BU UTANÇ PARLAMENTONUN

Ercan İpekçi (Türkiye Gazeteciler Sendikası Başkanı): Böyle bir kararı kabul etmek mümkün değil. Bu karar, akılla mantıkla hukukla açıklanabilecek bir karar değil. Bu karar demokrasi adına bir utançtır. Bu utanç hem hükümete hem parlamentoya aittir. Yalnızca yargıyı eleştirmek de doğru değil. AB İlerleme Raporu'nda Türkiye'de basın özgürlüğünün üzerindeki baskılar açıkça yazılmaya başlandı. Bugün Türkiye parlamentosuna düşen görev, yargının bu kararları almasının önünü açan, bu utanca neden olan yasaları değiştirmektir.

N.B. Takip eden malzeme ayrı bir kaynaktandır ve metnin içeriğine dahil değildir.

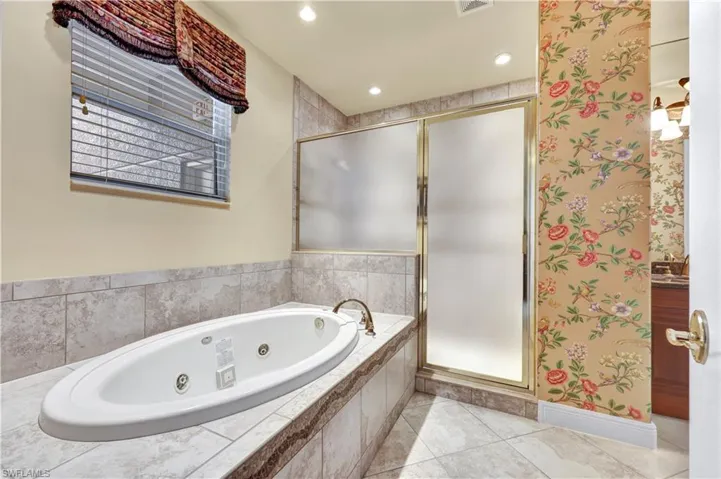 Bathroom featuring a whirlpool tub, a stall shower, vanity, light tile patterned floors, and recessed lighting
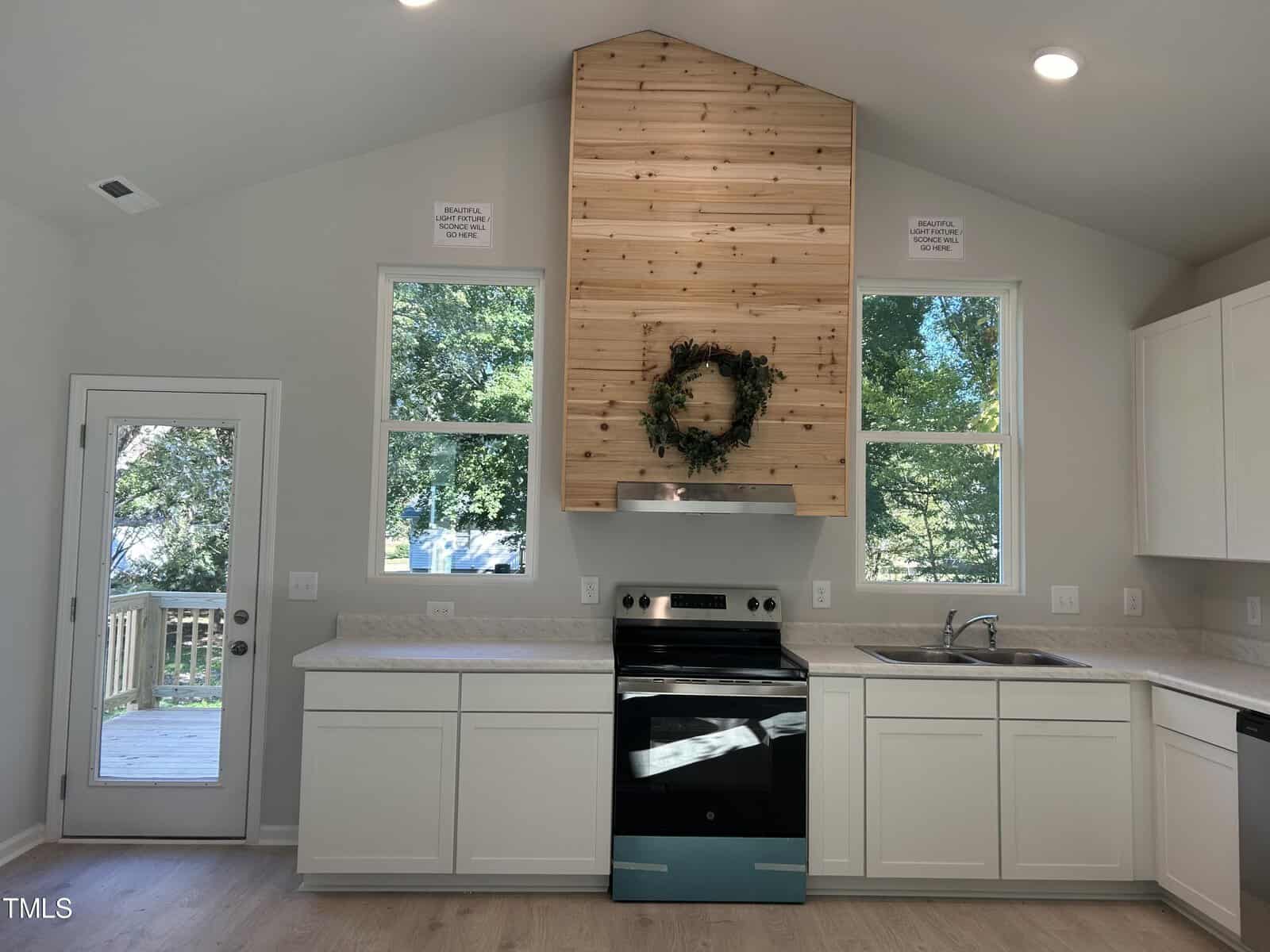 A kitchen interior with white cabinets, an electric stove, and a wooden vent hood featuring a decorative wreath. Two windows and a glass door provide natural light. Light wood flooring and an overhead light fixture complete the space.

DEVRİMCİ GAZETECİLER SUSTURULAMAZ
Ayça Söylemez (Dışarıdaki Gazeteciler): Hatice Duman, gazetecilik yaparken de sürekli devlet baskısı altındaydı. Yazdıkları sansürlendi, gazetelerine birçok kez toplatma kararı çıkarıldı, haber izlerken polis şiddetine maruz kaldı. Şimdi de halka gerçekleri anlatmaya çabalarken hapse mahkum edilen onlarca devrimciden biri oldu. Ancak egemenlerin anlamadığı şey, devrimci gazetecileri baskılarla susturamayacakları.
Duman müebbet hapse mahkum oldu, ancak arkadaşları, bizler, Dışarıdaki Gazeteciler, onun bıraktığı yerden gazetecilik yapmaya, ne pahasına olursa olsun gerçekleri söylemeye devam edeceğiz.

***
Hatice Duman’ın mektubu

HATİCE Duman, cezaevinden yazdığı mektupta başına gelenleri şu sözlerle anlatmıştı: “1996 yılında Atılım gazetesinde çalışmaya başladım. 1997 yılında yazı işleri müdürü oldum. Devlet gerçekleri yazmamamız için bütün baskısın, şiddetini ortaya koydu. Yayınladığımız bütün sayılar toplatıldı, haberleri izlememiz engellendi. Davalar açıldı. 9 Nisan 2003’de kaldığım ev basıldı, gözaltına alındım. Ve gözaltında bambaşka bir tabloyla karşılaştım. Polis, haberimin bile olmadığı soygunlara, bombalı eylemlere delil arıyordu. Atılım’ın yazı işleri müdürü olmamdan dolayı verilen basın cezaları düştüğü için polis, alakamın olmadığı bir dosyaya beni monte etti. Poliste işkence yoluyla imzalattırılan bir ifadeden yola çıkan savcı, hakkımda iddia edilen olaylarla ilgili hiçbir kanıt bulunmadığı halde, hakkımda müebbet hapis istedi. Mahkeme, henüz duruşmalardaki savunmalar tamamlanmadan yangından mal kaçırırcasına 4 Mayıs 2011 tarihinde müebbet hapis cezası verdi.”